Em lançamento nacional, ''Menina de Ouro'' é o vigésimo quinto trabalho de Eastwood como diretor e um dos cinco candidatos a melhor filme na cerimônia de entrega do Oscar, dia 27 - concorre ainda a outras seis estatuetas.
Na aparência é um filme de boxe, mas por trás de ''Million Dollar Baby'' está embutida aquela que é talvez a mais bela e lúcida proposta do legendário e setuagenário Clint, obra-prima que ganha ainda maior relevo porque elaborada imediatamente após o extraordinário ''Sobre Meninos e Lobos''.
O diretor trocou a paisagem, mas não a atitude. ''Menina de Ouro'', o filme, e Clint Eastwood, o ator e o diretor, afrontam sem qualquer intenção ou preocupação defensiva temas tão difíceis, profundos e esquivos como as relações entre pais e filhos, entre parceiros de derrotas diversas, entre os atos de viver e de sobreviver, entre a dignidade possível para um e para outro.
Baseado em roteiro de Paul Haggis adaptado de novela de F.X. Poole (pseudônimo do treinador de boxe Jerry Boyd), é a história de Frankie Dunn (Eastwood), veterano ''manager'' amargurado e consumido pela ausência da filha que um dia deixou de ver e com a qual tenta inutilmente se comunicar por cartas nunca respondidas.
Frankie dirige um velho ginásio. Ao seu lado, outro derrotado, o pugilista Eddie ''Scrap-Iron'' Dupree (Morgan Freeman), há muito aposentado por força de um golpe que o deixou cego.
Amigos, não compartilham a mesma opinião quando a garçonete Maggie Fitzgerald (Hilary Swank), saída de família miserável, aparece para treinar com a idéia fixa de se tornar campeã.
A principio contrário, Frankie acaba treinando a moça. No fundo da razão, ele sabe que ela tem potencial para chegar ao título. No fundo do coração, ele sabe que ela pode vir a ser a filha que ele tanto busca. E ela, o pai que há muito perdeu.
Alguns dos temas deste drama humano, deste estudo psicológico, desta catarse sentimental encontram a metáfora do boxe: a luta pela redenção, pela esperança, pelo sonho, pelo compromisso com a superação e pela amizade.

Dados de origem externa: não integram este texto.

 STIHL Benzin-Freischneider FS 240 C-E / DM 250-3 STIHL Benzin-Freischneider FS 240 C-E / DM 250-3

O olhar de Clint em direção a tudo isso é sempre honesto e comovente, ainda que sombrio, mesclando lirismo e reflexão. Há sangue, sim, em ''Menina de Ouro'', mas não muito.
No entanto, sua presença colorida contrasta e até choca neste filme que parece tão dramaticamente, tão espiritualmente em preto e branco. Há o negro profundo da narração em off do personagem de Morgan Freeman, há o branco da presença inocente e pulsante da pugilista Maggie, há o contorno claro-escuro de Frankie, que leva suas dúvidas espirituais à missa diária, como se um dia fosse encontrar o perdão.
Um diretor em estado de graça criativa, três atores transfigurados em seres humanos de carne, osso e veracidade. Hilary Swank tem tudo para ganhar seu segundo Oscar depois de ''Meninos Não Choram''.
Freeman deveria levar o seu de uma vez por todas, depois de tantas negativas da Academia. E o que dizer de Clint? Talvez seja a sua vez também como ator.
Ele está inteiro e inesquecível na performance do ''macho'' fragilizado que desmorona diante do padre, alguém capaz de ler Yeats em gaélico e dedicar os versos a quem tanto se apegou.
O que o crítico americano Vincent Canby um dia disse de Akira Kurosawa cai como uma luva em Clint: a obra dele agora alcançou um patamar fora do tempo, acima dos modismos.